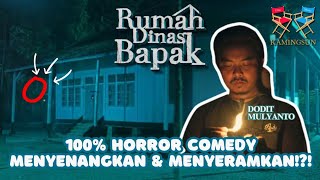 Rumah Dinas Bapak Movie Review  Kamingsun [upl. by Ainala]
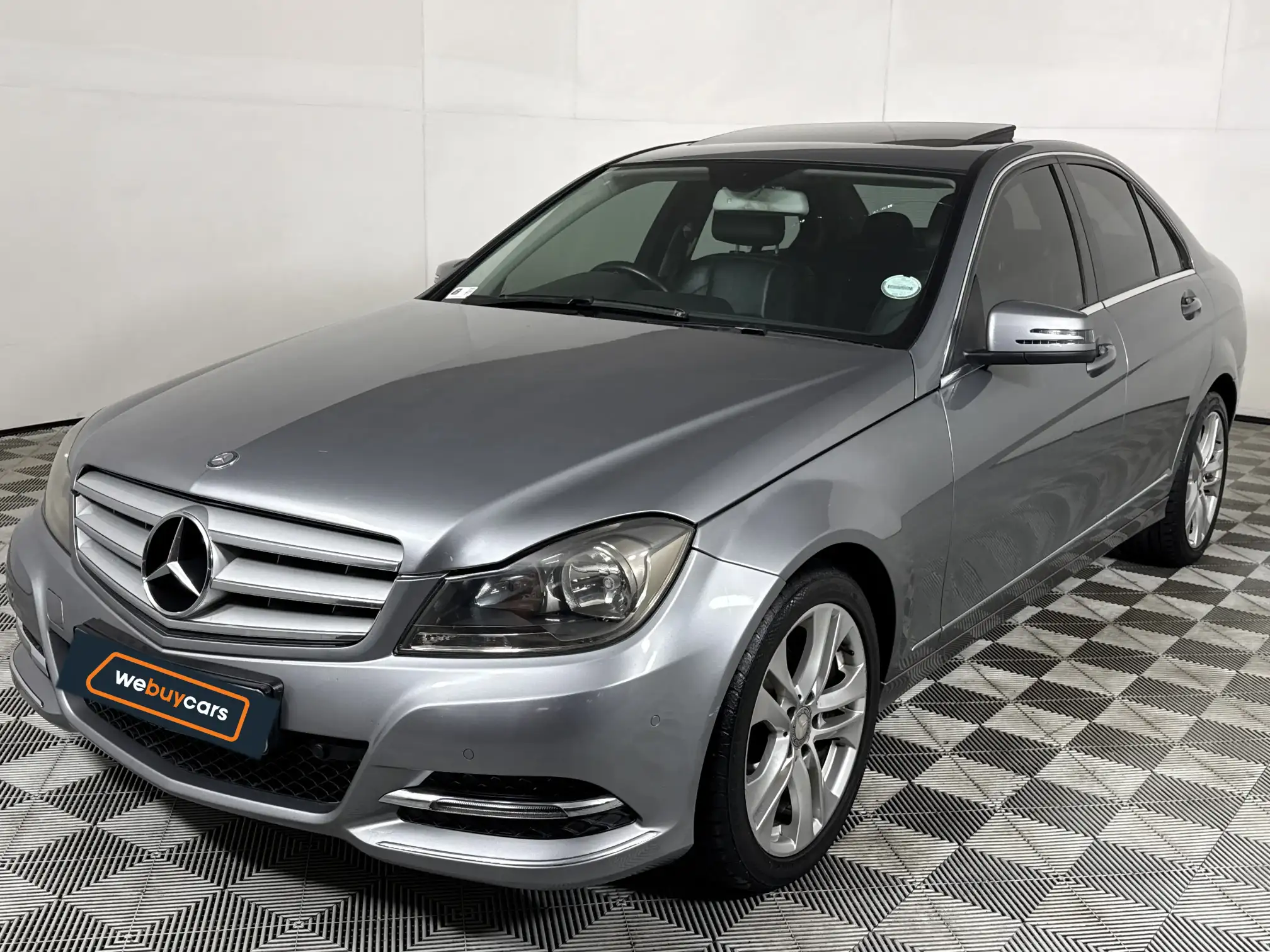2014 Mercedes-Benz C Class Sedan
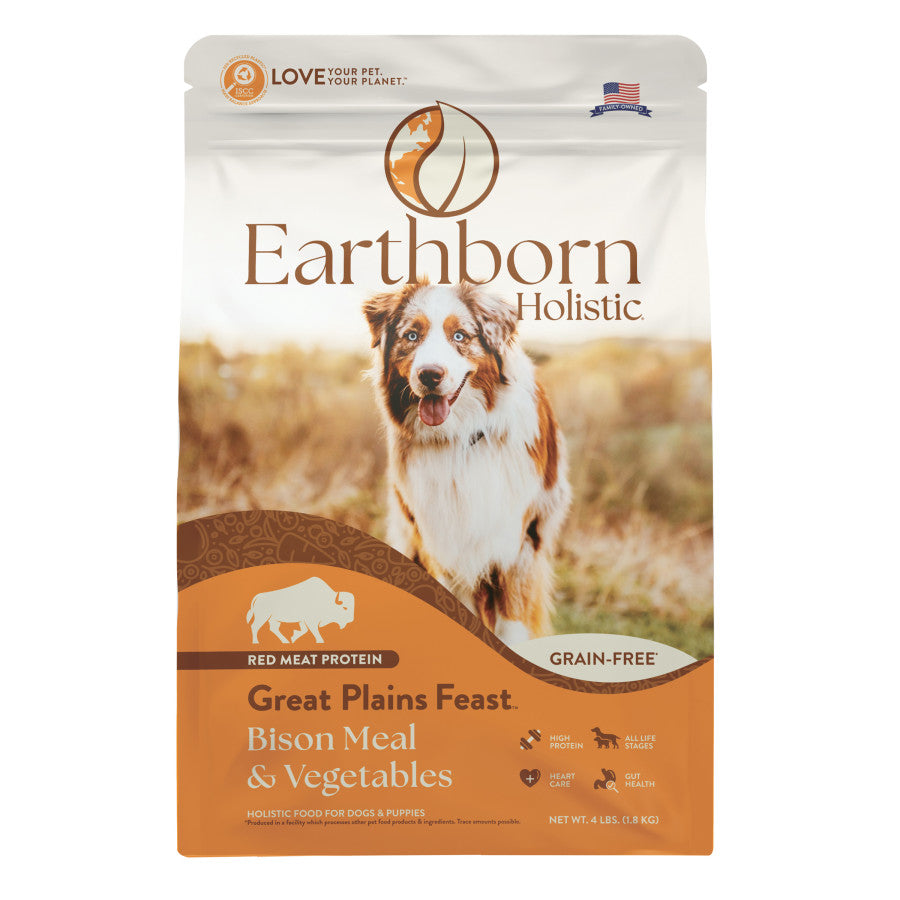 Earthborn Holistic Great Plains Feast Grain-Free Dry Dog Food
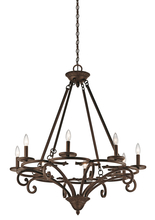 Kichler 43772AGZ - Chandelier 8Lt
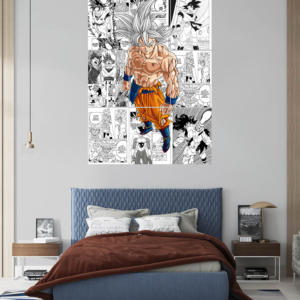 34.5 x 25.5 inches GOKU ULTRA Instinct BIG POSTER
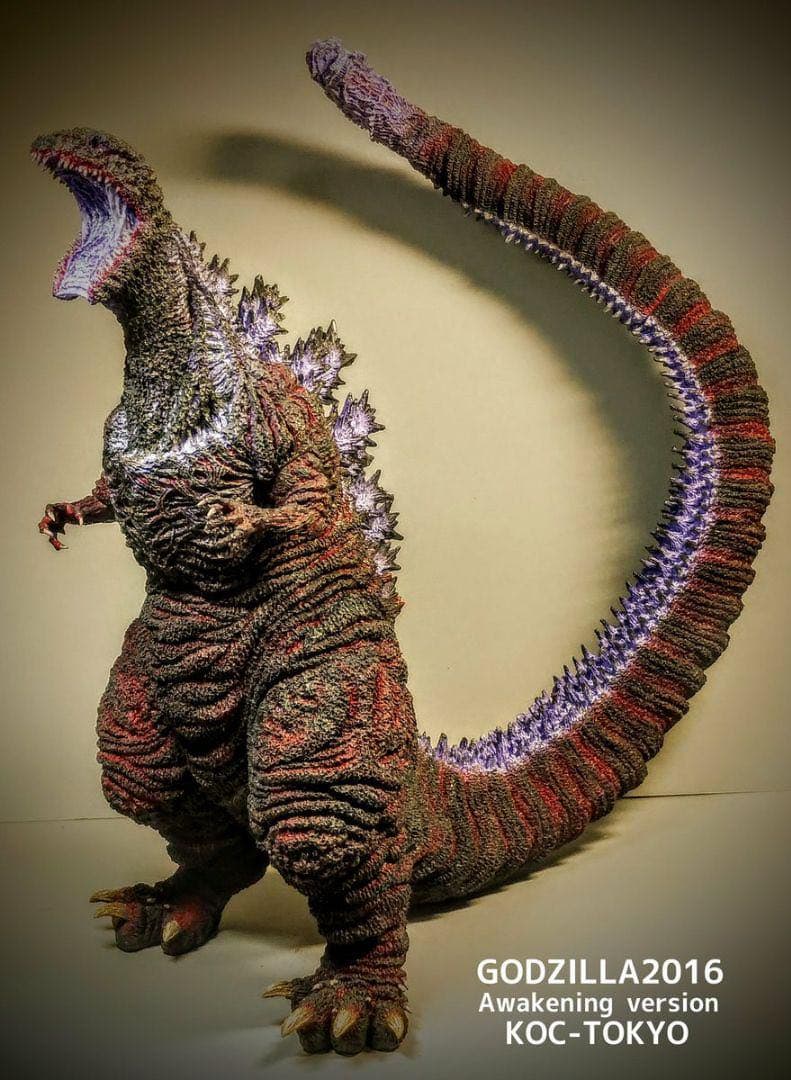 KOC TOKYO　ゴジラ2016 (シン・ゴジラ第四形態)覚醒 キャストキット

########

TASK TO CARRY OUT:
Return exactly the line containing "2014 Mercedes-Benz C Class Sedan" and every line after it, up to and including the final line of the entries above. Pictures stay out.

TASK SOLUTION:
2014 Mercedes-Benz C Class Sedan
 Earthborn Holistic Great Plains Feast Grain-Free Dry Dog Food
 Kichler 43772AGZ - Chandelier 8Lt
 34.5 x 25.5 inches GOKU ULTRA Instinct BIG POSTER
 KOC TOKYO　ゴジラ2016 (シン・ゴジラ第四形態)覚醒 キャストキット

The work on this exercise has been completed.